Julia Keller’s first novel was a knockout, and this second book in the series may even be better.  She brings an amazingly assured voice to her storytelling, reminiscent very much of Sharyn McCrumb’s classic ballad novels.  The thing is, McCrumb wrote those after she’d cut her teeth on her (admittedly great fun) Elizabeth McPherson books.  While Keller has been a journalist and has written a non-fiction book, she plunged into novel writing full speed ahead with the first in this series, A Killing in the Hills.

bitterriverAmerican mystery writing – to my biased mind – doesn’t get much better than the mix of grit, setting, rich characters and sheer story telling power Keller brings to her work.  Oh, and her prose is beautiful too.  I’d compare her to a couple of my other favorite writers, William Kent Krueger and Julia Spencer-Fleming, for the beautiful prose and passion all three seem to share.

Comparisons aside, Keller very much has her own original voice.  Her central character, Belfa Elkins, is the county prosecutor in tiny Acker’s Gap, West Virginia.  Acker’s Gap is her childhood home; she’s returned there from swanky Washington, D.C. to make a place for herself as an adult in her former hometown.

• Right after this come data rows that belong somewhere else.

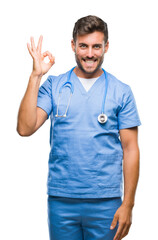 Young handsome doctor surgeon man over isolated background smiling positive doing ok sign with hand...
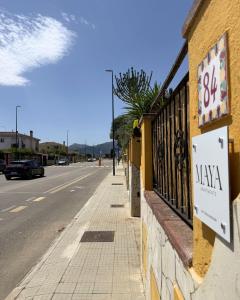 a sign on the side of a building next to a street at Maya Apartments in La Maddalena +8 photos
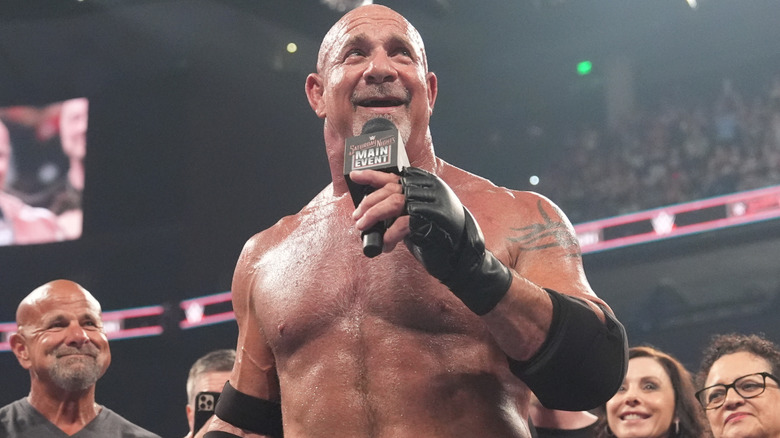 Goldberg holding a microphone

Because of some events and struggles in the first novel, Bell’s teenage daughter, Carla, has moved back to D.C. to live with her Dad.  Bell sorely misses her though as usual her job is eating up her time and attention.  The story opens with two things: one is the fact that Bell’s sister is missing and she can’t bring herself to leave Acker’s Gap for fear she’ll miss her if she decides to turn up.

The other is the death of the local teen age star, Lucinda Trimble.  Lucinda was apparently beautiful, athletic, intelligent and nice.  She seemed to have no enemies in the world, but she’s still turned up dead in her car, submerged in the Bitter River.  She’s found by a jogger and it’s the sad duty of Sheriff Nick Fogelsong to deliver the bad news to Lucinda’s mother, Maddie, a former flame.

Nick’s past connection to Maddie and his lack of professionalism when he notifies her alone comes between him and Bell, and explains some of the later events, most of which are foreshadowed by the relentless press of the story and the events in the small town.  Bell is distracted by the arrival of a former DC acquaintance who has come to town to regroup away from the big city in the comforting shade of the mountains.

The crises in Acker’s Gap go from bad to worse.  Lucinda’s death is proving a tough nut to crack, and then another tragedy rocks the town.  Bell and Nick’s estrangement prevents them working together effectively, and when Bell is briefly knocked out of commission, it throws a further wrench in the works.

Nothing gets in the way, however, of Keller’s efforts to tell a riveting and moving story.  In this novel she is examining all the fierce permutations of love, and how the ties of family and kinship can either help or hinder you in the world.  She also takes a hard look at the bleak and overriding poverty in Appalachia.  All in all this is a reading journey you won’t quickly forget.  After you dry your tears, it will probably also make you thoughtful long after you’ve turned the last page.